--- Given records Enclosed Below ---

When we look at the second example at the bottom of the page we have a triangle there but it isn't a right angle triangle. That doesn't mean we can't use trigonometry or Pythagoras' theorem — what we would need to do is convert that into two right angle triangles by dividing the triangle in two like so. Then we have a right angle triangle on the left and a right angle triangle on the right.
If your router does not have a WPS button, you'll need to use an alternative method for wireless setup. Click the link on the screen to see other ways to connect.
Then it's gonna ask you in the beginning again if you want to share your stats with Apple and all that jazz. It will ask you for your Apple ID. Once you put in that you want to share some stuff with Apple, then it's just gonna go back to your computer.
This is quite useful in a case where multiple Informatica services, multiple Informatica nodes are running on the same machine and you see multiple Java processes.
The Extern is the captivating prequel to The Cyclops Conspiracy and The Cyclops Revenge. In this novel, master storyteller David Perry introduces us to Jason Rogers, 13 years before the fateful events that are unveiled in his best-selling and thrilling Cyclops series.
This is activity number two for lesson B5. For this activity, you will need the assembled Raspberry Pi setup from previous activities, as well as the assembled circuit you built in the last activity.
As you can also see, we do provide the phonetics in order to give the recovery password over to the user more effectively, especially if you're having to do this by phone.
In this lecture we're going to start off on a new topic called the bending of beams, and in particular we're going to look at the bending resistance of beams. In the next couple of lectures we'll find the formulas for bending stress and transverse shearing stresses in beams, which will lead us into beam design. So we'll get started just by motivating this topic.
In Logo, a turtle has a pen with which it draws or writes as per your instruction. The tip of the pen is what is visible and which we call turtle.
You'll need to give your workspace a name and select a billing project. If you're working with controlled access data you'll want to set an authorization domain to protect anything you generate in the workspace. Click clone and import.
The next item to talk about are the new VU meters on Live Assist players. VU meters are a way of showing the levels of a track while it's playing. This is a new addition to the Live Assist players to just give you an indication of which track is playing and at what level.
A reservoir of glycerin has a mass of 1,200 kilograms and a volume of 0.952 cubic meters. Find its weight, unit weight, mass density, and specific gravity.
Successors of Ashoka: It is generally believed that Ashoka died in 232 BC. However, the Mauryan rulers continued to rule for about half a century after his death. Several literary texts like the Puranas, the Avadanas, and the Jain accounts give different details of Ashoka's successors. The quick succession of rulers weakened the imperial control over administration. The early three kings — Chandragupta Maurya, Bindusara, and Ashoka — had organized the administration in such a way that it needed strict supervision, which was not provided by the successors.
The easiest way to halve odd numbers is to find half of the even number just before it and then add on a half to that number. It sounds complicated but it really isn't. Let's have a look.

--- End of Enclosed Given records ---

Action item: Exactly repeat the lines running from the top of the listing to the line bearing "As you can also", both of those lines included, and only them.

Solution for this task:
When we look at the second example at the bottom of the page we have a triangle there but it isn't a right angle triangle. That doesn't mean we can't use trigonometry or Pythagoras' theorem — what we would need to do is convert that into two right angle triangles by dividing the triangle in two like so. Then we have a right angle triangle on the left and a right angle triangle on the right.
If your router does not have a WPS button, you'll need to use an alternative method for wireless setup. Click the link on the screen to see other ways to connect.
Then it's gonna ask you in the beginning again if you want to share your stats with Apple and all that jazz. It will ask you for your Apple ID. Once you put in that you want to share some stuff with Apple, then it's just gonna go back to your computer.
This is quite useful in a case where multiple Informatica services, multiple Informatica nodes are running on the same machine and you see multiple Java processes.
The Extern is the captivating prequel to The Cyclops Conspiracy and The Cyclops Revenge. In this novel, master storyteller David Perry introduces us to Jason Rogers, 13 years before the fateful events that are unveiled in his best-selling and thrilling Cyclops series.
This is activity number two for lesson B5. For this activity, you will need the assembled Raspberry Pi setup from previous activities, as well as the assembled circuit you built in the last activity.
As you can also see, we do provide the phonetics in order to give the recovery password over to the user more effectively, especially if you're having to do this by phone.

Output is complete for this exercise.